Look for opportunities to continually refresh your skill set and your knowledge base. The more effort you put into career development, the more rewarding you’ll find procurement to be. Every new job represents a chance to master new technologies, immerse yourself in new industries, and connect with mentors who can help you get to the next level.

Be of service to others, too! By being a mentor, you can advocate for our profession. To remain strong, our industry needs more Millennials to replace the Baby Boomers who are retiring. Seek them out, offer encouragement and support, and share your enthusiasm for procurement. You’ll be strengthening your industry by keeping these young professionals interested and engaged.
Kristin Carty | Outreach Director | ThomasNet.com | @ThomasNet | @kristincarty

Every year you must re-tool yourself by completing at least 1 course each year – education is key & invaluable.
Ann-Marie Woodham, SPSM | Purchasing Manager | Jamaica Public Service Co. Ltd.

Single or Sole Source Suppliers

single-supplierOnce vendors know they are getting a deal in a sole source scenario, they are less likely to negotiate on pure price. But they often will add small things to the deal, which can be of real, tangible value to you. Your requests might include complimentary training hours, extended warranty periods, and extra services. You’ll be surprised how often vendors will add these to the deal at no cost.

Just because you know you don’t have an alternative to switching suppliers doesn’t mean that your single source supplier has to know that. Sharpen your negotiation skills, prepare well, and negotiate with your supplier with vigor!

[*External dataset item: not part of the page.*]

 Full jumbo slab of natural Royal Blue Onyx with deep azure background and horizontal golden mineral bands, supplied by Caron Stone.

Pricing and terms decisions are made by humans and that means that good persuasion techniques can get your supplier to concede even when it isn’t logical for them to do so.

If pricing is based on cost plus a percentage for the single source supplier’s profit (“cost plus pricing”) instead of a fixed price, it can prevent the supplier from inflating its profits at your expense year after year and “hiding” that fact in a fixed price with no visibility into unreasonably high profit margins.
Next Level Purchasing Association – Powerful Negotiation For Successful Buying

Have patience; the more pragmatic I became about what value meant made the outcome all the better. Don’t be afraid to challenge those stakeholders who demand you to squeeze price. I deal a lot with long – term relationships, so p!ssing suppliers off for the last few % can affect your own bottom line.
David Little | @daveylittle

Report savings that are real, verifiable, solid and congruent. Don’t go making up wild assumptions and create fictional cost avoidance or unbelievable bottom line benefits that you can’t prove.
Bruno Alvarez | Procurement Stories | @procstories

 

Request for Proposal (RFP)request-for-proposal

It’s embarrassing to get no responses to an RFP. If no suppliers want to bid on your business, you want to know this as soon as possible so that you can revise your RFP to be more attractive. Require suppliers to complete and return a Notice of Intent to Participate provided in your RFP so you can predict participation.

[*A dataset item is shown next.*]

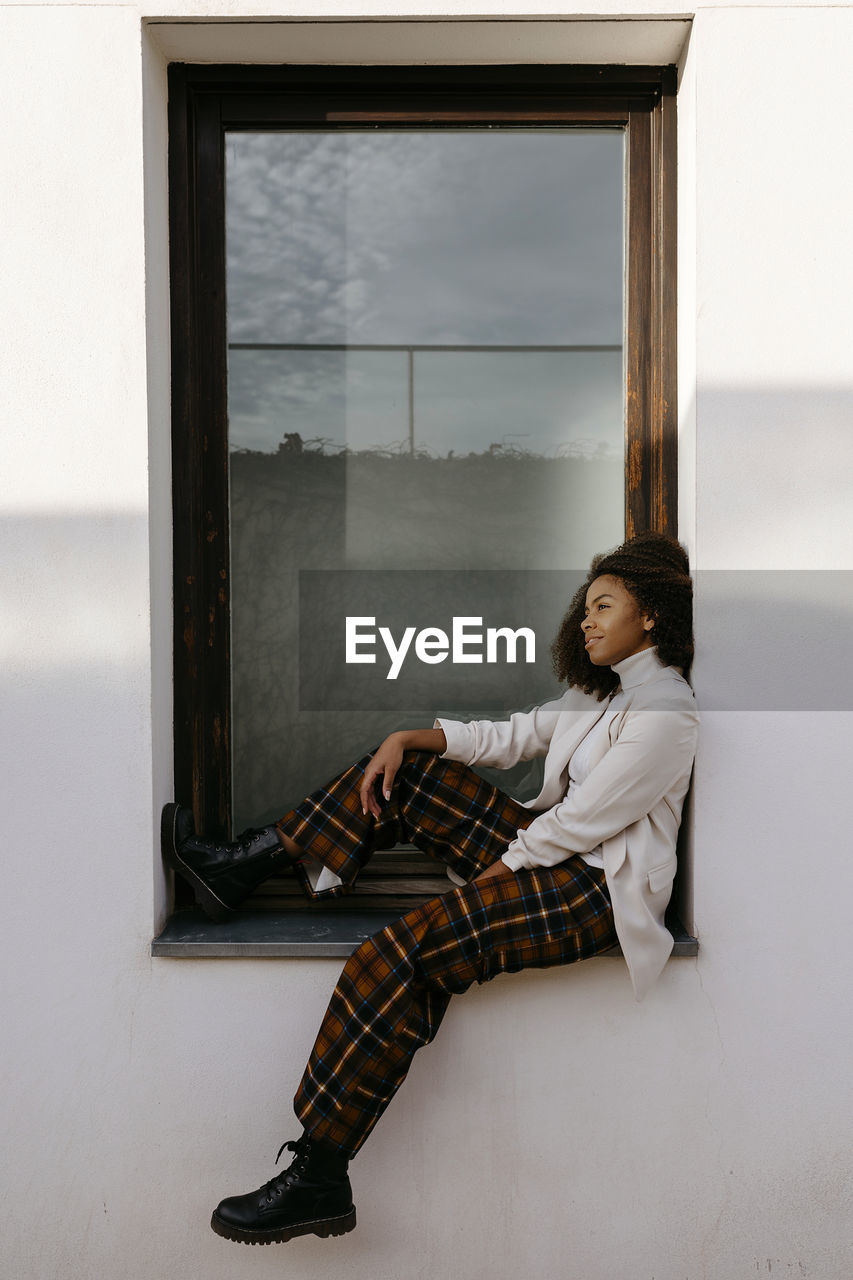 Thoughtful afro young woman sitting on window sill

Knowing how direct costs, overhead, and profits comprise suppliers’ prices gives you a negotiating advantage. Your existing suppliers know this and will often withhold cost breakdowns while they have certainty of getting your business. Therefore, require cost breakdowns when they’re still competing for your business. The RFP process is the perfect time to ask for them.

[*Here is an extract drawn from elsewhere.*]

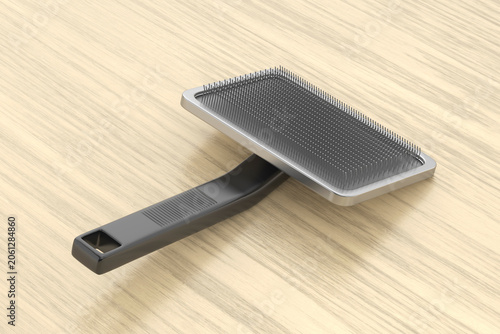 Pet grooming brush on wooden table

Analyzing suppliers’ “financials” is a critical activity in supplier qualification. Privately-held suppliers often reject requests for theirs. However, just like with cost breakdowns, suppliers are often willing to share more information when they are still competing for your business. Again, the RFP process is the perfect time to ask for or require supplier financials.
Next Level Purchasing Association – Savings Strategy Development

Find out as much as you can about your potential customer to prepare a responsive proposal. Vendors should always follow the directions of the RFP/RFQ thoroughly, and ensure they exhibit a clear understanding of the technical requirements (i.e. what the customer needs) in their submission. Failure to do so can result in disqualification from many procurement opportunities that they otherwise could have been successful in winning.
Stephen J. Yuter, SPSM  |  Director of Acquisition  |  U.S. Department of Health and Human Services / Indian Health Service

Do call the given references and make site visits with internal stakeholders within your Procurement project/RFP.
Paul Hubert | @TPHubert

Know your markets.  For those who tackle a large number of categories, it can be very difficult to be an expert on every product and service they look at. However, in order to deliver what internal clients need, build mutually beneficial relationships with suppliers, and secure the best pricing and contract terms, buyers need to understand the specific market dynamics of the products and services they purchase. Our clients tell us that having this knowledge pays off every time in the form of buyer confidence, time saving and big cost reductions.
Robert Kempken |Senior VP of Business Development | IBISWorld, Inc. | @IBISWorld

Do your homework on markets/categories, internal stakeholders, suppliers-and listen!
My Purchasing Center | @mypurchasing

Focus on the issues, not positions.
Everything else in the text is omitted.